Além do racismo estrutural, há o racismo de cunho homofóbico, que invade a relação homoafetiva. Este é o caso de Miriam. “Minha esposa é loira e isso reflete dentro da nossa relação. Quem está de fora questiona: com tanto homem no mundo você vai ficar com uma mulher e, ainda por cima, negra? Outro exemplo clássico é quando a gente entra numa loja, seja ela de confecção ou de eletrodomésticos, sou eu quem vou pagar, mas os vendedores sempre se reportam a ela. Em viagem, não faltam piadinhas ou alguém com uma pergunta displicente. Em alguns casos, quando percebem o que falaram tentam se desculpar, mas aí já foi. Há festas que deixam de nos chamar, porque se ela for eu terei de ir, muitos convites não são estendidos a mim”, explica.
Ainda por cima é macumbeira? Entre tantos desafios a serem enfrentados no decorrer do dia, pelo fato de ser mulher, negra, lésbica, a única religião que de alguma forma “aceita” a diversidade são de matrizes africanas.
“Às vezes passa despercebido, mas a gente escuta que ainda por cima somos “macumbeiras”. As mais novas muitas vezes não aguentam essa pressão e se limitam à servidão e a sexualização para serem aceitas na sociedade e não ocupar o próprio espaço. Há também as lésbicas que se espelham em ativistas como nós, que já estamos na luta há muito tempo, e vem com a gente”, explica Miriam.
"Algumas de nós, todos os dias, estão de reinventando, porque do momento que você acorda até a hora que você vai dormir você vai enfrentar preconceito. Mas esse não é o meu caso, como negra e lésbica tenho um acúmulo de opressão e se a sociedade quiser me aceitar assim, tudo bem, mas se ela não quiser, ela vai ter que me engolir, porque não vou deixar de ser o que sou”, completa a servidora pública.

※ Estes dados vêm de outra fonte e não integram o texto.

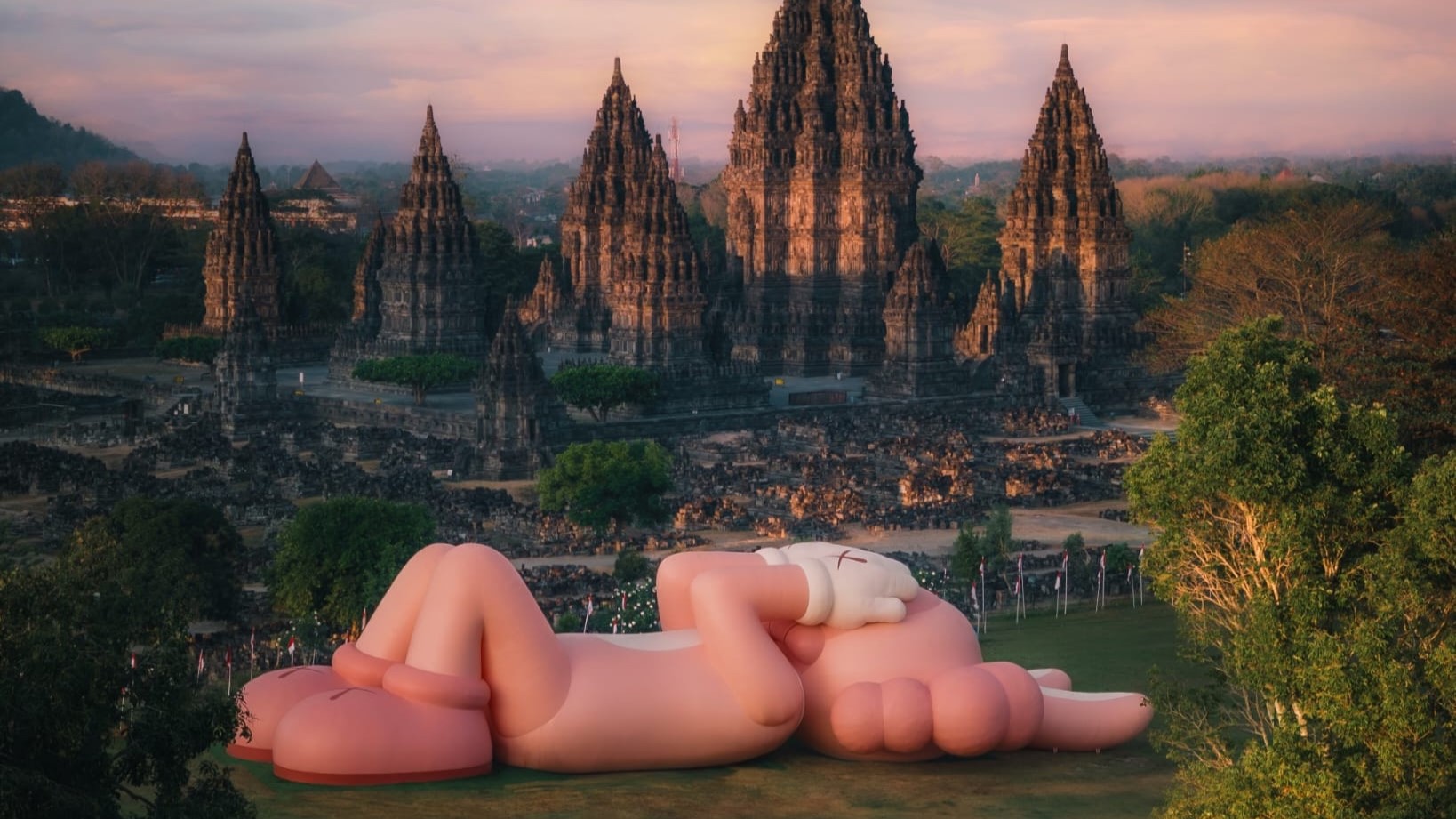 Kaws Holiday Tampilkan Karakternya di Candi Prambanan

Miriam ressalta os dados de que mulheres pardas e negras são as mais estupradas e vítimas de violência em geral. “O homem em si, como um todo, não está preparado para ter na sociedade essa mulher independente, com voz ativa, que veio para estar ao lado e não abaixo e aí no atlas da violência você comprova quem são as maiores vítimas. Normalmente, essa mulher é quem sustenta a casa ou tem renda superior e ele não aceita, é o que chamamos de masculinidade tóxica”, pontua.
Mas a mulher negra por si só já é vista como a aquela mulher inabalável e que, basicamente, está condicionada ou a servidão ou a sexualidade.
“Aí você tem de acompanhar o raciocínio padrão de que o esteriótipo da mulher branca e magra é mais bonito que o nosso. Beleza! Se o dela é mais bonito que o nosso, por que a sexualizada somos nós? A maioria das negras lésbicas quando não está condicionada à sexualidade, está automaticamente ligada a servidão, velha ou nova. Porque o machismo é tão grande que o cara tem nojo da figura da mulher lésbica fora do padrão, mas ela serve para fazer sua comida", pontua.
Antes da entrevista encerrar, Miriam fez questão de retornar ao passado e ressaltar que a cultura patriarcal e conservadora do Brasil fez sua própria mãe de vítima.
"No Brasil, a mulher branca é a princesa criada para se casar, cuidar do marido e dos filhos, já a negra é criada para ser a “namoradinha escondida”, para limpar casa, lavar a louça, para falar mais baixo, para se colocar no lugar dela, mas não para ser levada ao altar ou apresentada à família. Isso, inclusive, aconteceu com meu pai e minha mãe. Meu pai português se casou com a minha mãe negra e da união vieram três filhos, os dois primeiros homens e quando eu nasci meu pai me entregou para um casal de tios, porque minha mãe não tinha condições “morais” de criar a filha mulher dele, mas era a mesma mulher com quem ele ia para casa todas as noites. E a história fica pior, o irmão dele era português casado com uma italiana. Eles tinham outros filhos, mas eu me tornei a empregada da casa e a única que apanhava de três a cinco vezes por dia. Essa pessoa que eu sou hoje, não é a pessoa que eu fui criada para ser. Eu me imponho, eu ocupo o meu lugar. Não me vejo condicionada de estar somente atrás de tanque, porque a mesma capacidade que outras mulheres e outros homens têm, eu também tenho”, finalizou.